**Given material:**
—————

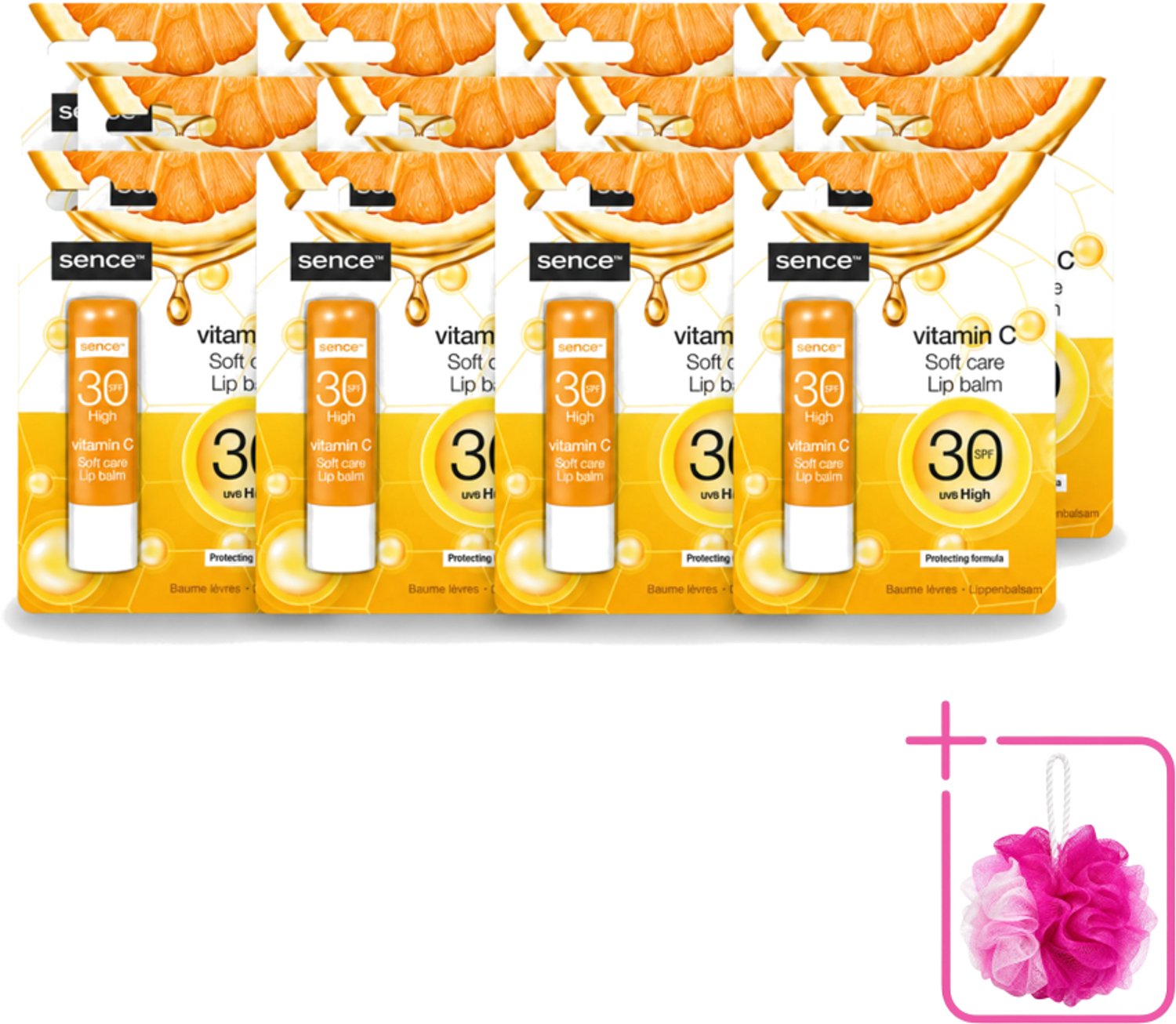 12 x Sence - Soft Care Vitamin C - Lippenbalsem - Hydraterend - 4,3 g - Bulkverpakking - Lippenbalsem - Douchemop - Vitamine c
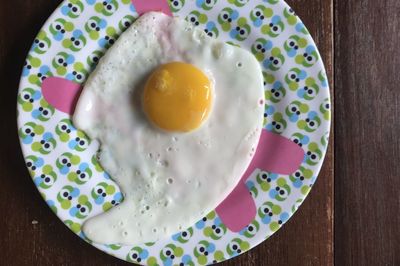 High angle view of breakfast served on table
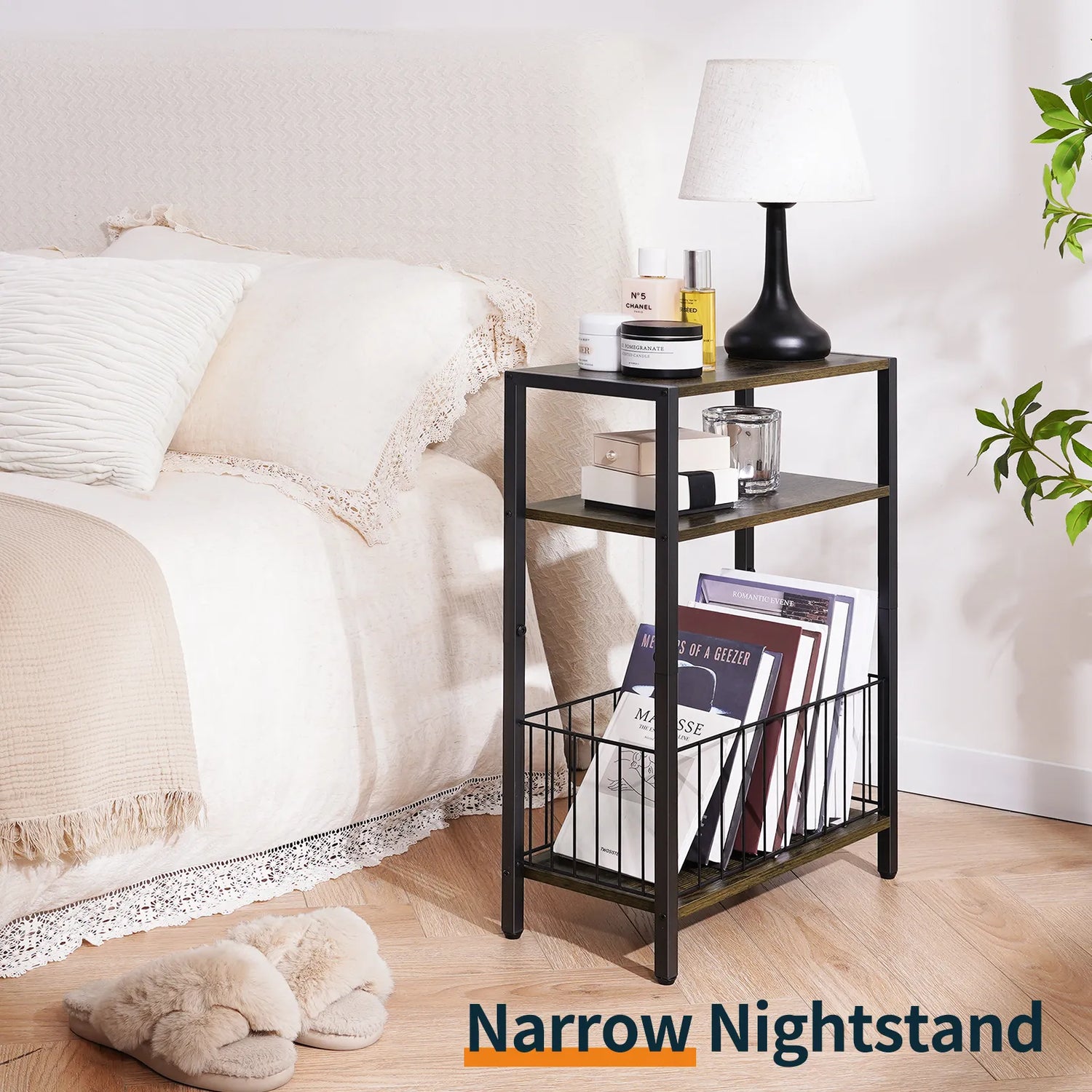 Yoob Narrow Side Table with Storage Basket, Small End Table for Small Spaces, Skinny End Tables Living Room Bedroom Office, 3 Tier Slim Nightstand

—————

**Exercise objective:** The lines to repeat run from the line containing "High angle view of breakfast served on table" through the last line of the material above; give them exactly, without the pictures.

**Task result:**
 High angle view of breakfast served on table
 Yoob Narrow Side Table with Storage Basket, Small End Table for Small Spaces, Skinny End Tables Living Room Bedroom Office, 3 Tier Slim Nightstand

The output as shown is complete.